Whirlpool sign – seen when bowel rotates around its mesentery with the vessels and collapsed bowel creating the whirls. It is found in a number of settings including malrotation complicated by midgut volvulus and caecal volvulus (as above). In midgut volvulus the swirl is counter-clockwise on CT (as if viewed from below) and clockwise on US and is analogous to the corkscrew sign seen on barium studies.
from our tumblr blog: http://radiologysigns.tumblr.com/post/26127010620
from our tumblr blog: http://radiologysigns.tumblr.com/post/26021415703
Corkscrew oesophagus – describes the abnormal segmented appearance of the oesophagus in cases of oesophageal spasm on contrast swallow examination. Normally primary peristalsis extends down the oesophagus as a coordinated wave of contraction and relaxation. In oesophageal spasm multiple segments contract simultaneously and there is failure of normal relaxation. This motility disorder of the oesophagus is most often related to gastro-oesophageal reflux disease and may present with chest pain or dysphagia.

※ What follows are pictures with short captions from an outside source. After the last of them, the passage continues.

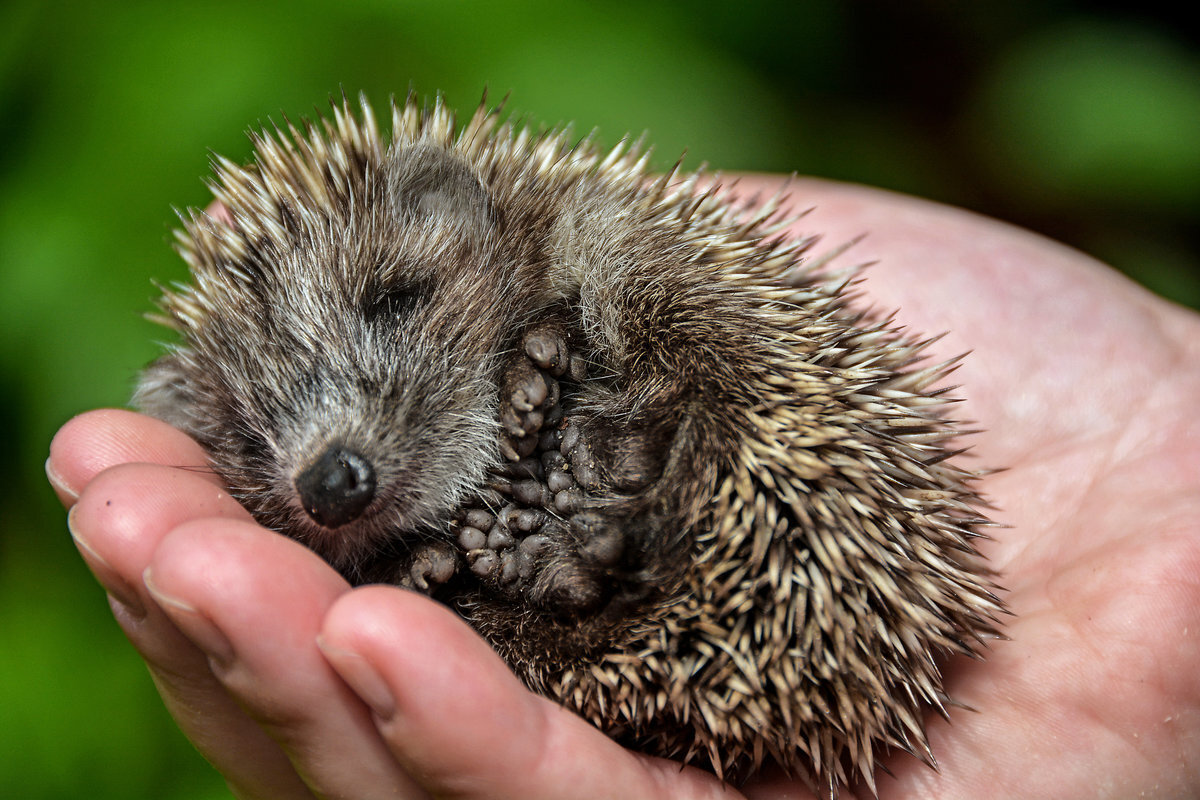 Я. После открытия почты вчера. https://yandex.ru/images/search?utm_source=main_stripe_big&text=Ёжики&nl=1&source=morda&pos=1&rpt=simage&img_url=https%3A%2F%2Fph0.qna.center%2Fstorage%2Fphotos%2Fmax_77%2F1809336.jpg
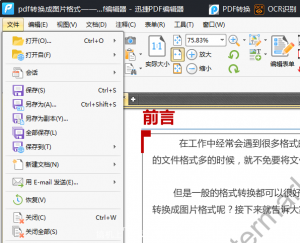 如何快速删除pdf其中的一页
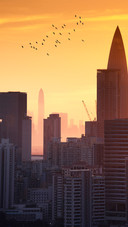 Flocks of birds fly over the city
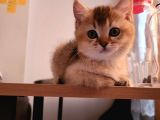 British Shorthair Golden Yavrular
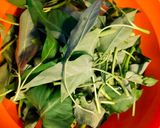 Foto langkah ke 1 dari resep Jangan Kangkung (Tumis Kangkung).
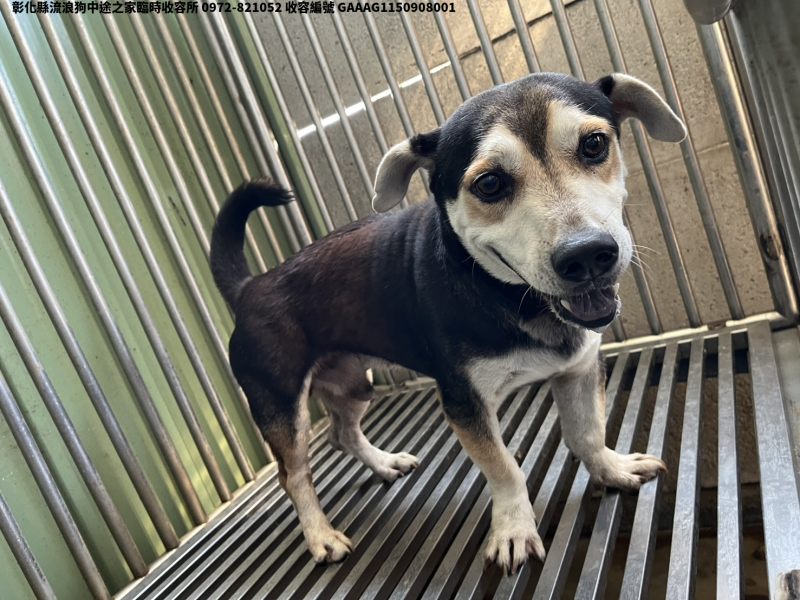 領養中型黑白色公犬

from our tumblr blog: http://radiologysigns.tumblr.com/post/25974612476
Comet tail sign – a CT chest sign of round atelectasis. It consists of spiralling curvilinear opacities extending out to a subpleural “mass”. The rounded nature of the mass-like collapsed portion of lung causes the adjacent bronchovascular bundles to be pulled in resembling a comet tail. Round atelectasis is most commonly the result of asbestos related pleural disease.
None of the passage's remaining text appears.